La risposta è che qui si sta introducendo la dimensione estetica. Questo elemento non è sempre centrale nel giudaismo. Lo associamo più facilmente a culture molto distanti dalla Torà: I grandi imperi – Mesopotamia, Egitto, Assiria, Babilonia, Grecia e Roma – costruirono palazzi e templi monumentali. Le corti reali erano caratterizzate da vesti sontuose, corone e simboli di rango, con ogni classe sociale distinta da abiti e ornamenti elaborati.
Il giudaismo, al contrario, sembra spesso quasi puritano nel suo rifiuto del fasto e dell’ostentazione. Adorando un Dio invisibile, ha privilegiato il linguaggio orale e uditivo – le parole ascoltate piuttosto che le immagini viste.
Tuttavia, il servizio nel Mishkan e nel Bet HaMikdash faceva eccezione. Qui, l’apparenza – dignità e bellezza – aveva un ruolo fondamentale. Perché?
Maimonide offre questa spiegazione: “Per esaltare il Tempio, coloro che vi officiavano ricevevano grande onore, e i sacerdoti e i leviti erano distinti dagli altri. Fu comandato che il sacerdote fosse vestito in modo appropriato, con abiti splendidi e raffinati, ‘abiti sacri per gloria e bellezza’… poiché la moltitudine non giudica un uomo dalla sua essenza interiore, ma dalla bellezza dei suoi abiti, e il Tempio doveva essere tenuto in grande rispetto da tutti.” (Guida dei Perplessi, III:45)

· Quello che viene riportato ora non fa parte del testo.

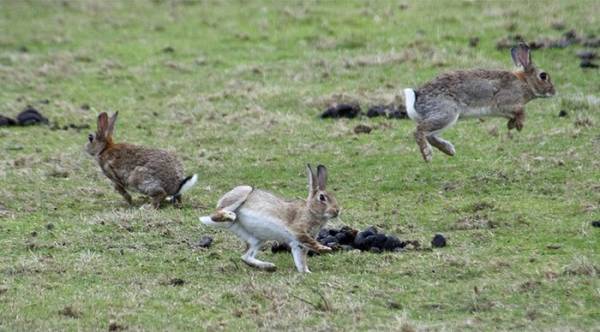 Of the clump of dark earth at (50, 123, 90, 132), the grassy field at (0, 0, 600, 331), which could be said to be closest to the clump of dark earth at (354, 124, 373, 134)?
the grassy field at (0, 0, 600, 331)

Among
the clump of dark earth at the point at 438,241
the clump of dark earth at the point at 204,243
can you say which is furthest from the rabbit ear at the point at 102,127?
the clump of dark earth at the point at 438,241

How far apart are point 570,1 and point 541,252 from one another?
12350mm

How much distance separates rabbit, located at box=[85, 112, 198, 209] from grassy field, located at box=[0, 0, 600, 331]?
0.86ft

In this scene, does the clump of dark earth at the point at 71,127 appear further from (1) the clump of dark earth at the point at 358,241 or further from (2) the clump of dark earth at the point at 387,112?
(1) the clump of dark earth at the point at 358,241

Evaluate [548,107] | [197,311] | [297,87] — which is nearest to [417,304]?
[197,311]

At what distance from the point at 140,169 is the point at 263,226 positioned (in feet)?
10.2

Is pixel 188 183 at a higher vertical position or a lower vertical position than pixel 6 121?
higher

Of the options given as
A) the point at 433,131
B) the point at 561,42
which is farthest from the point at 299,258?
the point at 561,42

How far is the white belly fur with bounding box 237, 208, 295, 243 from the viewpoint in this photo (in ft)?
30.2

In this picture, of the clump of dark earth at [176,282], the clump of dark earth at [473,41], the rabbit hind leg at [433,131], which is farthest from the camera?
the clump of dark earth at [473,41]

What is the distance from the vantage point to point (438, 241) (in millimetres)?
9953

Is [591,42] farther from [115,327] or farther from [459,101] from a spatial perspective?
[115,327]

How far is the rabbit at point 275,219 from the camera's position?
9.19m

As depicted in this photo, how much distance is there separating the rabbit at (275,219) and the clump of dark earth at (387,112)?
6.05 meters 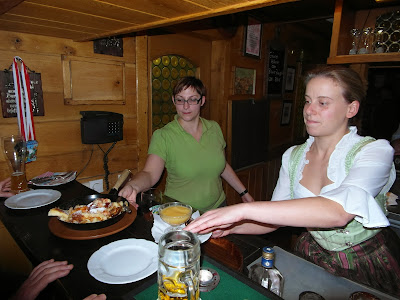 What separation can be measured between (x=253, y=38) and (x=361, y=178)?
3.18 meters

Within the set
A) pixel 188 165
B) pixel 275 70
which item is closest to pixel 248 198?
pixel 188 165

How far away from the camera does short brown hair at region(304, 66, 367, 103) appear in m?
1.29

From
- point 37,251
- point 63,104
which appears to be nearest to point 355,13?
point 63,104

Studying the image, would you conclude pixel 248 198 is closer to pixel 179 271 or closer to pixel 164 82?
pixel 164 82

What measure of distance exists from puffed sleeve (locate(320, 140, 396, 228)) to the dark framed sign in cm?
326

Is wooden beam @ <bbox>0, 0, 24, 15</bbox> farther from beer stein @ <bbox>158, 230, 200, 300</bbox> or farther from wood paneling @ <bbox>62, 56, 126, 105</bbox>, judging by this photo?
wood paneling @ <bbox>62, 56, 126, 105</bbox>

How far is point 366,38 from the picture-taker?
8.21 ft

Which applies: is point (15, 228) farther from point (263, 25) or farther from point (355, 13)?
point (263, 25)

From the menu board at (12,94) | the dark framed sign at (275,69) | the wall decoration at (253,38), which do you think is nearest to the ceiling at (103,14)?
the menu board at (12,94)

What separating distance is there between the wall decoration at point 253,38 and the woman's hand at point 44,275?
337 centimetres

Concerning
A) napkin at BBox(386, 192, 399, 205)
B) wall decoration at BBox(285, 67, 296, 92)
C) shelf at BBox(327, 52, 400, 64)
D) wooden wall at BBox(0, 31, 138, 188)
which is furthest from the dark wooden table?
wall decoration at BBox(285, 67, 296, 92)

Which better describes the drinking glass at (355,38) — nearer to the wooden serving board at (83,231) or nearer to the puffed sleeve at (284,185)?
the puffed sleeve at (284,185)

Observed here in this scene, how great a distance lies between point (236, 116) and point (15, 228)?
2.89m

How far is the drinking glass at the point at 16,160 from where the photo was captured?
1.83 meters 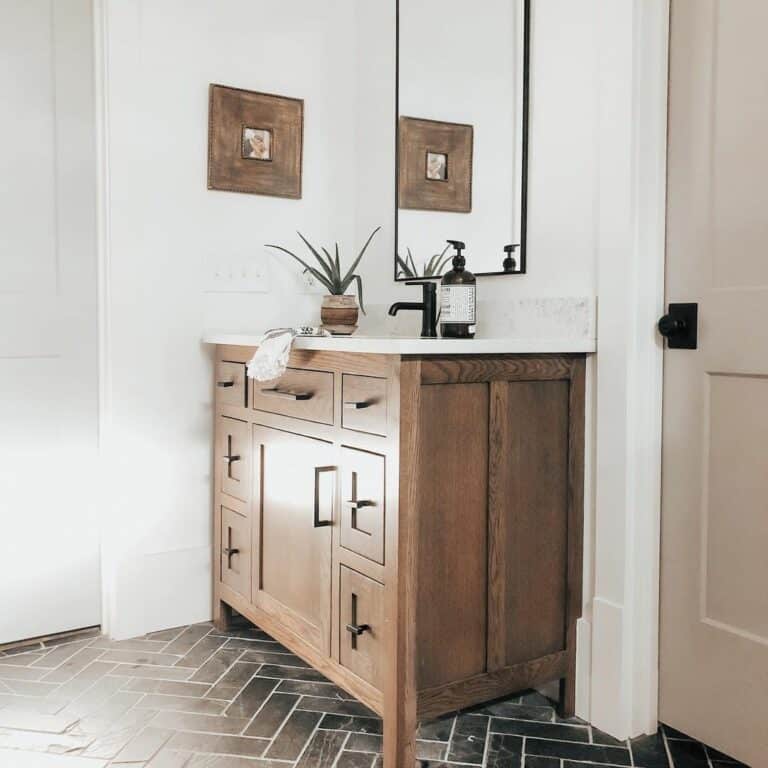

L’argomentazione è chiara, ma contiene anche un accenno di disprezzo. Maimonide sembra dire che, per chi comprende davvero la vita religiosa, l’apparenza non dovrebbe avere alcuna importanza. Tuttavia, “la moltitudine”, la massa, è diversa. Rimane impressionata dallo spettacolo, dalla grandezza visibile, dallo scintillio dell’oro, dalle pietre preziose del pettorale, dallo sfarzo del rosso scarlatto e del porpora, dalla purezza immacolata delle vesti di lino bianco.
Michael Wyschogrod (teologo 1928-2015), nel suo libro The Body of Faith (1983), sostiene una tesi più forte a favore dell’estetica nel giudaismo. Nella storia, arte e culto sono stati intimamente connessi, e il giudaismo non fa eccezione: “L’architettura del Tempio e i suoi oggetti richiedono un pensiero spaziale che stimola le arti visive come nient’altro. Bisogna ricordare che, tra gli artefatti lasciati dalle civiltà del passato, quelli destinati al culto sono quasi sempre i più elaborati e esteticamente significativi.”
Wyschogrod sostiene che il giudaismo post-biblico, per la maggior parte, non ha dato contributi eccezionali all’arte e alla musica. Ancora oggi, il mondo ebraico religioso è lontano dai grandi scrittori, pittori, poeti e drammaturghi. Egli vede in ciò una crisi spirituale: “L’immaginazione del poeta riflette la sua vita spirituale. Mito e metafora sono la moneta sia della religione che della poesia. La poesia è uno dei domini più potenti in cui si esprime la religiosità. Lo stesso vale per la musica, il teatro, la pittura e la danza.”
Rav Abraham Kook sperava che il ritorno a Sion avrebbe stimolato una rinascita dell’arte ebraica, e in effetti la bellezza ha un posto significativo nella vita religiosa, specialmente nell’Avodah – un tempo il sacrificio, oggi la preghiera.
Recenti ricerche in neuroscienze e psicologia comportamentale hanno dimostrato che gli esseri umani non sono puramente razionali. La ragione da sola non ci spinge all’azione: servono le emozioni, e queste risiedono in parti del cervello più profonde della corteccia prefrontale. Qui entrano in gioco gli stimoli visivi. L’arte parla alle emozioni e ci tocca in modi più profondi delle parole.
Per questo motivo, la grande arte possiede una spiritualità che non può essere espressa altrimenti. Lo stesso vale per la bellezza e la solennità del servizio nel Mishkan e nel Bet HaMikdash, compresi gli abiti dei Kohanim. Questo è il mio Dio e lo renderò bello.” (Esodo 15:2) La bellezza ispira amore, e dall’amore nasce il servizio del cuore.